Redaction is the permanent deletion of content from a PDF file. A properly redacted PDF has the sensitive content removed from the file's data structures, not just hidden behind an opaque overlay. The resulting file should be indistinguishable from a document that never contained the redacted content.

The PDF specification stores text as content streams, images as compressed binary objects, and annotations as a separate layer. A black highlight is an annotation — it sits on top of the content layer and can be removed by any user who opens the annotation panel in Acrobat, Preview, or a PDF editor.

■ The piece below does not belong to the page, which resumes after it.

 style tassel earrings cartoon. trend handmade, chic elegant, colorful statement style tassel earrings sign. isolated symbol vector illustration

What stays in the file if you only draw over it

When you draw a black box without true redaction, the original data remains:

MethodText removable?Image removable?Copy-paste blocked?
Black highlight annotationNoNoNo
Black image overlayNoNoNo
Comment/markup boxNoNoNo
True redaction (pdf-lib, PyMuPDF)YesYesYes

A simple test: open any "redacted" PDF in a text editor or run pdftotext file.pdf - in your terminal. If the sensitive words appear in the output, the redaction is incomplete.

How to redact a PDF in the browser (free, no upload)

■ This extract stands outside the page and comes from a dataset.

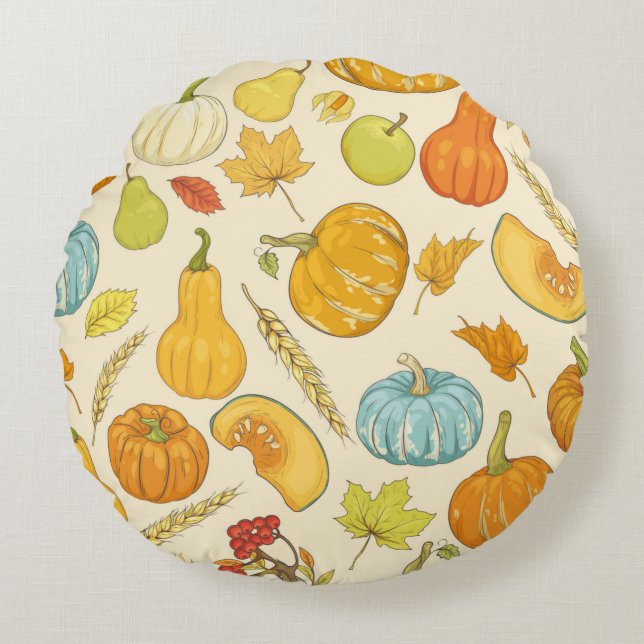 Seamless pattern with pumpkins, autumn leaves, app round cushion (Front)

PDF4.dev's redact PDF tool runs entirely in your browser using pdf-lib. No file leaves your device.

  1. Open pdf4.dev/tools/redact-pdf.
  2. Drop your PDF onto the upload area.
  3. Draw rectangles over the content you want to remove. Each rectangle becomes a permanent black block.
  4. Click "Apply redactions" to flatten the changes into the file.
  5. Download the result.

The tool renders each page using PDF.js, overlays your drawn rectangles as vector shapes, and then uses pdf-lib to permanently replace those regions with opaque black rectangles in the file's content stream. The original text data under each rectangle is not recoverable.

After downloading your redacted file, verify the result: open it, select all text (Cmd+A / Ctrl+A), and check whether any redacted content is selectable. If it is, the redaction did not work correctly.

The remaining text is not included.